En todo este período, además, las demandas se han ido refinando. Reducirlas a lo presupuestal es simplificarlas –y restringirlas a lo salarial es una estrategia de quienes se oponen a la jerarquización de la educación pública–, pero, de todos modos, la progresión de las cifras que sintetizan los reclamos como porcentaje del producto interno bruto da una idea de la cantidad de factores y sectores que se han sumado a las iniciativas de los gremios de la educación.

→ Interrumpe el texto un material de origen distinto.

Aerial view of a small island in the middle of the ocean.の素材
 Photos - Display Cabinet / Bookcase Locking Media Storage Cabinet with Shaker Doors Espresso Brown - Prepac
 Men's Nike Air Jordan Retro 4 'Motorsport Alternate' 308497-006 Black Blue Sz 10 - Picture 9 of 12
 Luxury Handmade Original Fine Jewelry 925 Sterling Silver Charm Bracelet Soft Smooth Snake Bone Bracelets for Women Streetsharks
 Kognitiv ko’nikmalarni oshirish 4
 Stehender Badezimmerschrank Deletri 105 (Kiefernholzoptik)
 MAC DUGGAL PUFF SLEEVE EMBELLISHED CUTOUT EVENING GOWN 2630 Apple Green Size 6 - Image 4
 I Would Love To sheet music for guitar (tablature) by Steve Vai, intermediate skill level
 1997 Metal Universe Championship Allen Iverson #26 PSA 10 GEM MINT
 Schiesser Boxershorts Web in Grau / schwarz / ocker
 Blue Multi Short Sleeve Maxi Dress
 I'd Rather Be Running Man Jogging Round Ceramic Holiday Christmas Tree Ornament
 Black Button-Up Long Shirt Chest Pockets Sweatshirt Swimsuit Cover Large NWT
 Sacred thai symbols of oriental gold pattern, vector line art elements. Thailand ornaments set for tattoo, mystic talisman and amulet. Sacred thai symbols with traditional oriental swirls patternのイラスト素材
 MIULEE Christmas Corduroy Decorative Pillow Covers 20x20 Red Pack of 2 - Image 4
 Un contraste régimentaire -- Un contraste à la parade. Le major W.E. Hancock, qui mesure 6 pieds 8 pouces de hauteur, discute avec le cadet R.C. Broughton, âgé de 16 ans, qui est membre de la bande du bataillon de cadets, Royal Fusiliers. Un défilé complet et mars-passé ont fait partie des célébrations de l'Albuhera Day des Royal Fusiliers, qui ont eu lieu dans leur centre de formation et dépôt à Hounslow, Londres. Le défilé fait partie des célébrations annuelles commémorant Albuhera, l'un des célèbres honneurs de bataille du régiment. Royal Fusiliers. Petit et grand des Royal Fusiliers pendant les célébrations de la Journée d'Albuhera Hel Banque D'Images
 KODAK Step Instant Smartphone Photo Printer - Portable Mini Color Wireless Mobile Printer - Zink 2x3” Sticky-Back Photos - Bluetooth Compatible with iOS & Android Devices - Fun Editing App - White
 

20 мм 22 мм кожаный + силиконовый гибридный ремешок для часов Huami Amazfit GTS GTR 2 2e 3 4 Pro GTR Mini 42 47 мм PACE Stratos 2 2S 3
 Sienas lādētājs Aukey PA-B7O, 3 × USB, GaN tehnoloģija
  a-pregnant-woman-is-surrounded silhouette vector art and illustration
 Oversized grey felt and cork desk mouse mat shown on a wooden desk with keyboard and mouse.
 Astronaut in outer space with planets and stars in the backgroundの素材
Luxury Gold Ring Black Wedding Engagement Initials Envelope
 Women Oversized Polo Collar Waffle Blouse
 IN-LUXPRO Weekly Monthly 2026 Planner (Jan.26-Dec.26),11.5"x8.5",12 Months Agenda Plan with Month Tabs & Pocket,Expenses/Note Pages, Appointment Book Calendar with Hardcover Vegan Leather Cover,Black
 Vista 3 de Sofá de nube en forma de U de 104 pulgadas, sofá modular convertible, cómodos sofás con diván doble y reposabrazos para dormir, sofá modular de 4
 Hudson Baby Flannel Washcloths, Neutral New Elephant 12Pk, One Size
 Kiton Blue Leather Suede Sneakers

En paralelo a esta historia de lucha y desencuentros corre la de la vida diaria compartida en los centros educativos. Las agresiones a maestras –y sus consiguientes paros de actividades– son la punta de un iceberg que contiene multitud de dificultades de relacionamiento. El extremo, en esta narrativa, se tocó la semana pasada, cuando un grupo de adultos ingresó a la escuela 123 para agredir a alumnos y docentes.

El incidente se inscribe en una problemática que excede largamente al ámbito educacional. Resulta significativo que, entre las innovaciones en seguridad ensayadas en estas décadas, se hayan reparticiones especializadas en temas de convivencia en distintos niveles.

En estos días, trabajadores y gobernantes deben llegar a un acuerdo que contemple necesidades y posibilidades tanto en asuntos presupuestales como en cuestiones de relacionamiento en los centros educativos, que serán a su vez determinadas por la disponibilidad de recursos materiales. Ni unos ni otros pueden acusarse mutuamente de indiferencia o mala fe, y sería deseable, por el bien de las negociaciones, que su relación también sintonice con los objetivos de una mejor convivencia.

Aquello a lo que arriben incidirá no sólo en el funcionamiento de escuelas, liceos y universidades, sino también en la idea de la educación pública que tiene la ciudadanía en condiciones de optar por ella independientemente de factores económicos. Es clave, para combatir la segregación y la desigualdad, recuperar a las instituciones de educación pública como lugares de integración.